日本の性教育ってなんだ?ジェンダー体操で虚しい

NHKジェンダー体操なるものが放送されて、批判殺到しているらしいですね。虚しくて悲しくて、日本のこういうところは本当に遅れているなぁと思ったので、ちょっと文章化してみます。ジェンダー体操とは、最近性教育を目的としてNHKで放送されたものです。カラフルなレオタードを来た白人の方がsex penis vagina intersexなどの性教育のキーワードとなる単語を歌いながら体操しています。スタジオの観客はこれを見て笑っています。

これを見てまともな性教育をされていない人が性教育をしようとするとこうなるのか、と思いました。まず、キーワードを羅列するだけでは何の理解も進みません。この番組を見た人が思うことは「LGBTQが笑いものにされているな」だと思います。実際のLGTBQの方々は普通の人です。自分の周りにいても気づかないくらい。でも公共放送でこの見せ方をされてしまうと、当事者の方はより生きづらくなるんだろうと思いました。しかも、なぜ踊っているのは白人の方で歌詞は英語なんだろう、という点も疑問です。日本人にもLGBTQの方はいるのに。子供に向けた性教育なら、英語なんて分かるはずもないのに(むしろsexだけは性行為の意味だけで伝わって逆効果)。

日本の性に対する感覚って特殊だなと思います。LGBTQは笑いもの。痴漢にあったことがない女性を探すほうが大変なくらい、誰でも痴漢に合う社会。会社の飲み会に行けば、男性上司が大声で下品な話をしている。少しでもブラ紐が見えようものなら、エロ扱い。

スウェーデンに来てからもうすぐ一年経ちますが、こちらに来て性関連で嫌な思いをしたことがまだ一度もありません。ちなみに私は日本の大学で一年生が「一女(いちじょ)」と呼ばれることに拒否反応を示していたうるさいやつなので、これはすごいことです。(「一女」は若くて弱くて可愛い、「三女、四女」は賞味期限切れで後輩を可愛がるのが仕事。若いことにしか価値がないという感覚を植え付けている悪き文化だと思っています。)

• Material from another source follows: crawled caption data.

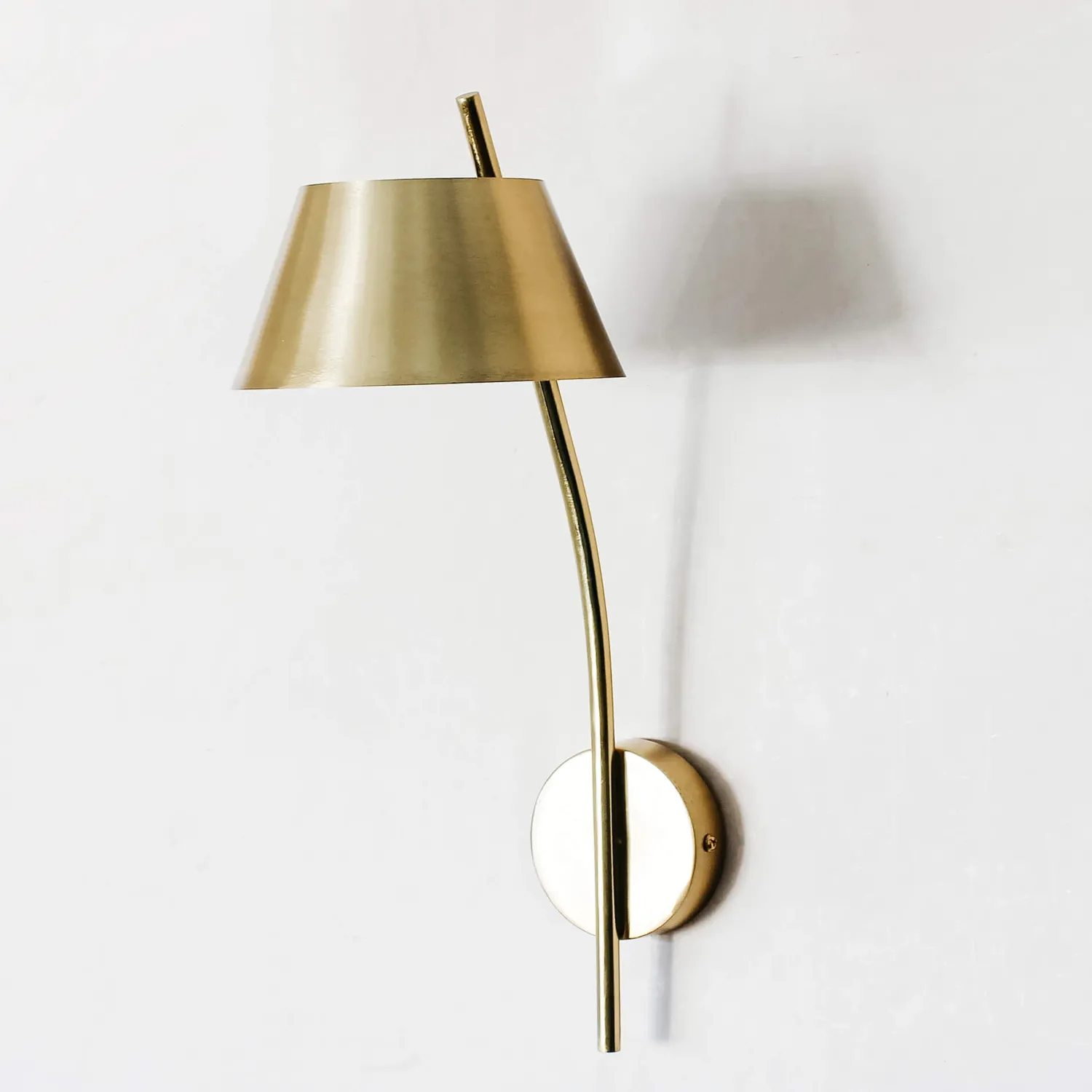 Graham & Green Miller Brass Wall Light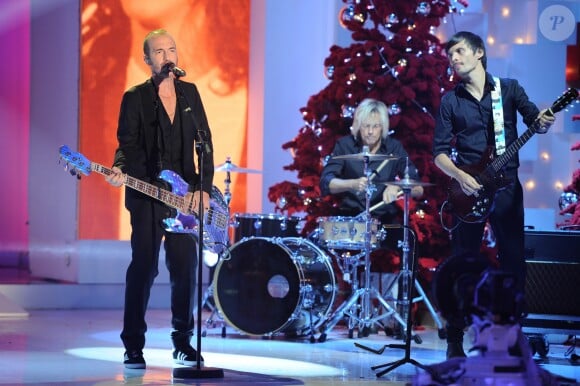 Exclusif - Calogero lors de l'enregistrement de l'émission "Vivement Dimanche" au studio Gabriel à Paris, diffusée le 2 décembre sur France 2. Le 21 novembre 2018 © Guillaume Gaffiot / Bestimage
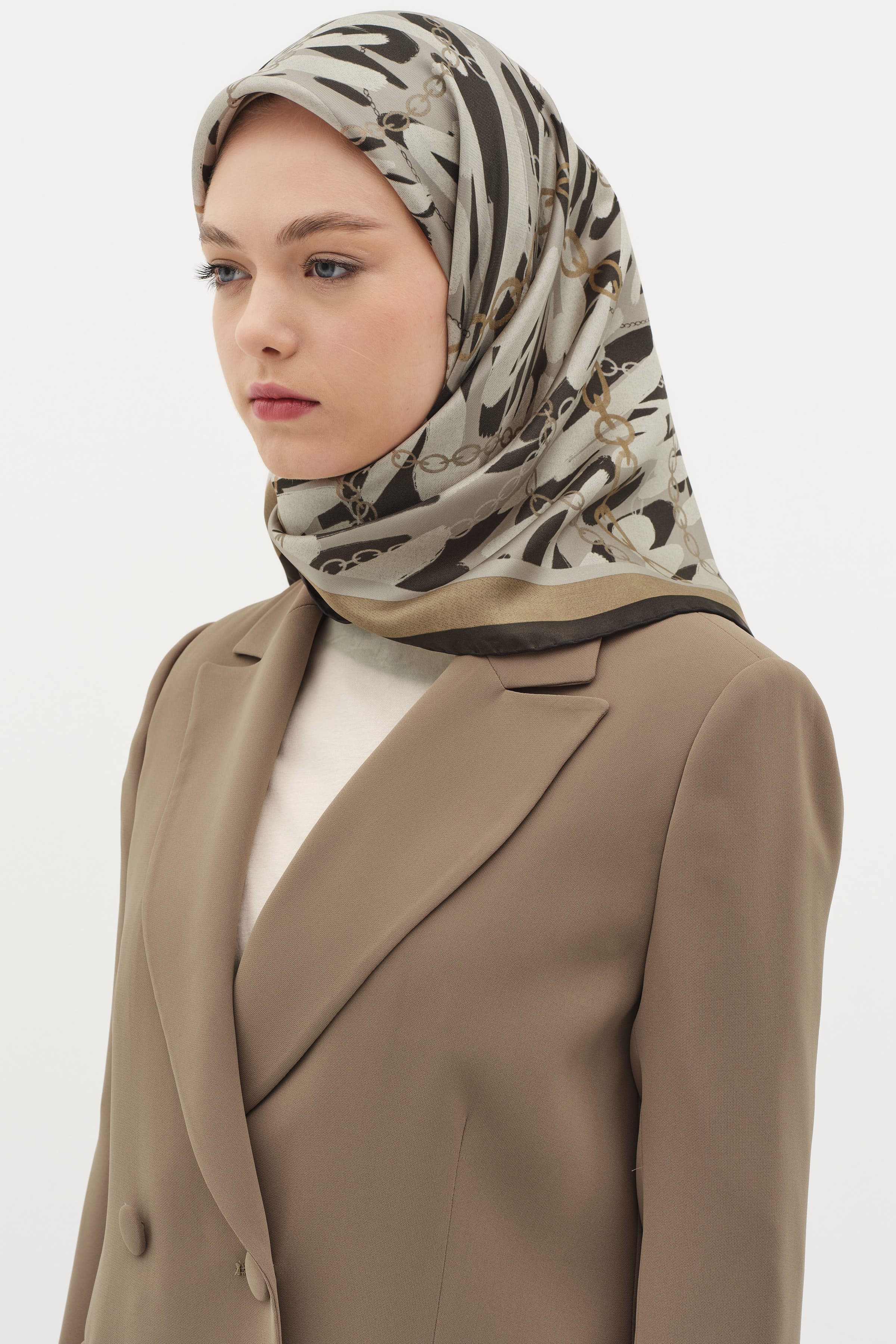 Zincir Desen Twill İpek Eşarp - Kahve TUGBA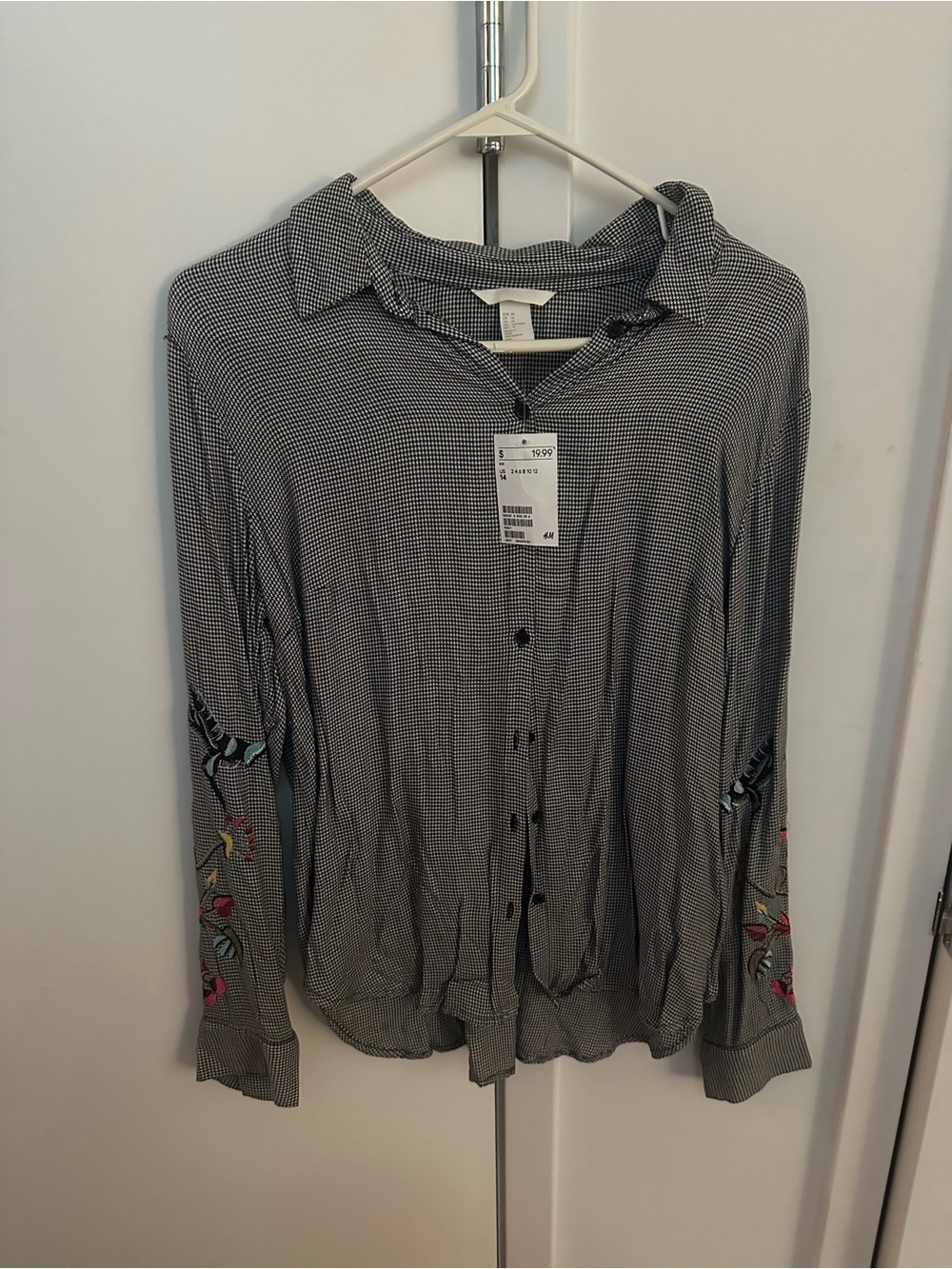 🆕 H&M Black & White Mini Gingham Button Shirt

同僚には男性が多いですが「女性だからこうでしょ」と言われたことはありません。日本では「女性陣はこちらの席ね」と女性たちは気が合うはずだとまとめられていましたが、そういうことは一切なし。男性上司が下品なことを言うこともないし、私がチームで一番若いからと言って特別な扱いを受けたこともありません。生理やPMSで体調が悪いときはオープンに言える雰囲気があるので、仕事もしやすいです。日本での性の扱われかたに疑問を持ちまくっている私にとってはとても生活しやすい環境です。

もちろん文化の違いが大きいのだと思います。でも大和撫子の文化と性教育は両立できるはずです。私はまだスウェーデン歴一年弱なので、スウェーデンのどんな考え方とどんな教育がこの社会を作っているのか掴めていませんが、この先注目して行きたいなと思っています。